Kita bicara soal generasi Z—generasi yang katanya lahir dengan smartphone di tangan, yang bisa mengoperasikan segala macam perangkat digital sejak masih pakai diapers. Realitas yang lucu sekaligus ironis mulai mencuat dari kegelapan layar smartphone mereka yang terus-menerus berpendar.
Generasi ini, yang begitu bangga dengan kemampuan multitasking-nya—membuka lima aplikasi sekaligus, mendengarkan podcast sambil scrolling TikTok—ternyata tidak lebih dari sekadar pengguna pasif teknologi.
Betul, pengguna, bukan pencipta, bukan inovator, dan bahkan bukan pemahaman dasar tentang cara kerja teknologi itu sendiri. Dan ini, sayangnya, menciptakan fenomena baru yang kita sebut sebagai tech shame.

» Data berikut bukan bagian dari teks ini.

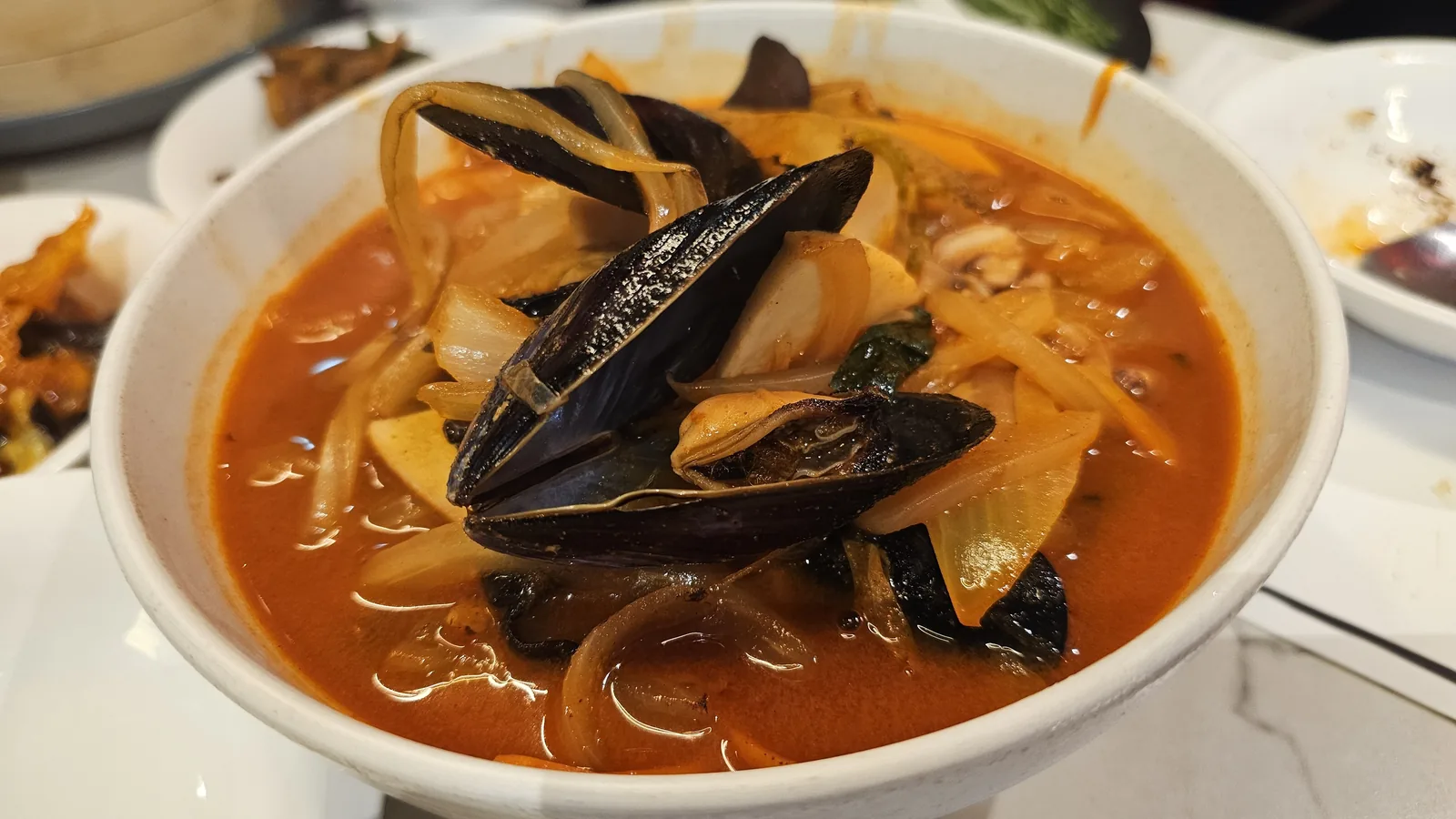 Spicy red jjamppong noodle soup with mussels close-up at Xin Hong Lou Yeouido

Kita mulai dengan fakta mengejutkan: lebih dari separuh Gen Z bahkan tidak tahu bagaimana cara menggunakan komputer di luar kebutuhan sekolah atau kerja mereka yang paling mendasar.
Mereka nyaman di dunia aplikasi, tapi tanya mereka soal command prompt, VPN, atau bahkan bagaimana cara menyelamatkan file yang corrupt—mendadak wajah mereka pucat pasi seolah menghadapi ujian matematika mendadak.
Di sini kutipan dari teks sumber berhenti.